Calculate the flange (3) velocity by using the relation.

  $\begin{array}{c}{v}_3=\frac{{\dot{m}}_3}{\rho \left(\frac{\pi d_3^2}{4}\right)}\\ =\frac{15\text{kg}/\text{s}}{1000\text{kg}/{\text{m}}^{\text{3}}\left(\frac{\pi \times {\left(3\text{cm}\times \left(\frac{1\times {10}^{-2}\text{m}}{1\text{cm}}\right)\right)}^2}{4}\right)}\\ =21.22\text{m}/\text{s}\end{array}$

Calculate the force in $x$ axis by using the relation.

  $\begin{array}{c}{F}_{Rx}=-P_{x1}{A}_1-P_{x2}{A}_2-\beta \left({\dot{m}}_2{v}_2+{\dot{m}}_1{v}_1\right)\\ =-\left(P_1-P_3\right)A_1-\left(P_2-P_3\right)A_2-\beta \left({\dot{m}}_2{v}_2+{\dot{m}}_1{v}_1\right)\\ =\left\{\begin{array}{l}-\left(200-100\right)\text{kPa}\times \frac{1{\text{kN/m}}^2}{1\text{kPa}}\left[\frac{\pi \times {\left(5\text{cm}\times \frac{1\text{}\text{m}}{100\text{cm}}\right)}^2}{4}\right]\\ -\left(150-100\right)\text{kPa}\times \frac{1{\text{kN/m}}^2}{1\text{kPa}}\left[\frac{\pi \times {\left(10\text{cm}\times \frac{1\text{}\text{m}}{100\text{cm}}\right)}^2}{4}\right]\\ -1.03\left[\begin{array}{l}40\text{kg/s}\times \text{5}\text{.093}\text{m/s}\times \frac{1\text{}\text{kN}}{1000\text{kg}\cdot {\text{m/s}}^2}\\ +55\text{kg/s}\times \text{28}\text{.01}\text{m/s}\times \frac{1\text{}\text{kN}}{1000\text{kg}\cdot {\text{m/s}}^2}\end{array}\right]\end{array}\right\}\end{array}$

  $\begin{array}{c}{F}_{Rx}=-2.386\text{kN}\\ =-2386\text{N}\\ \approx -\text{2390}\text{N}\end{array}$

Calculate the force for $y$ axis by using the relation.

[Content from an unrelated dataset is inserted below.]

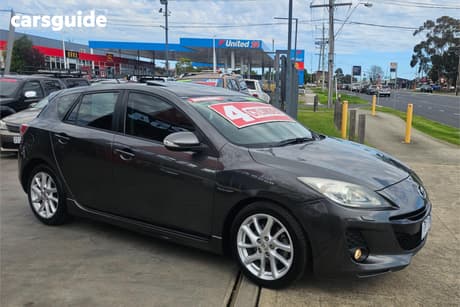 Grey 2012 Mazda 3 Hatchback Sp25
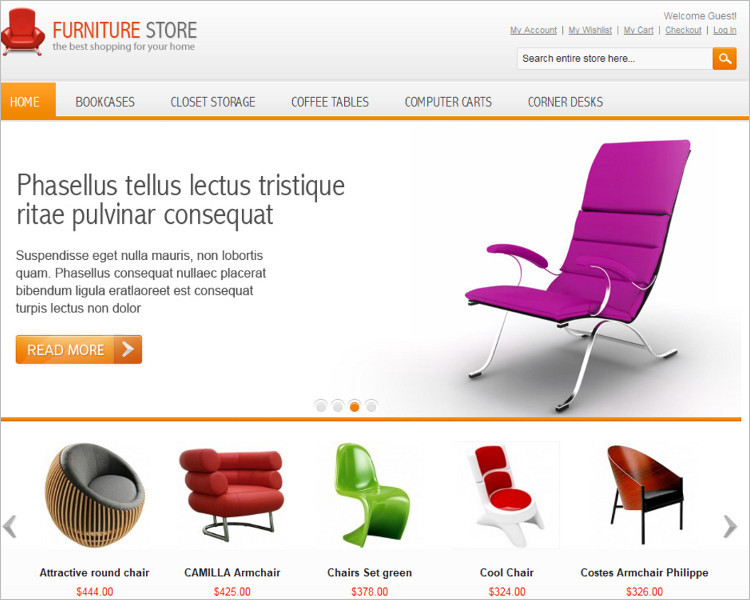 Furniture Bootstrap Themes Free & Premium Templates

  $\begin{array}{c}{F}_{Rz}=\beta {\dot{m}}_3{v}_3\\ =1.03\times 15\text{kg}/\text{s}\times 21.22\text{m}/\text{s}\\ =327.8\text{kg}\cdot \text{m}/{\text{s}}^2\times \left(\frac{1\text{N}}{\text{kg}\cdot \text{m}/{\text{s}}^2}\right)\\ =327.8\text{N}\end{array}$

Thus the force in $x$ axis is $-2390\text{N}$ and the force along $y$ axis is $327.8\text{N}$.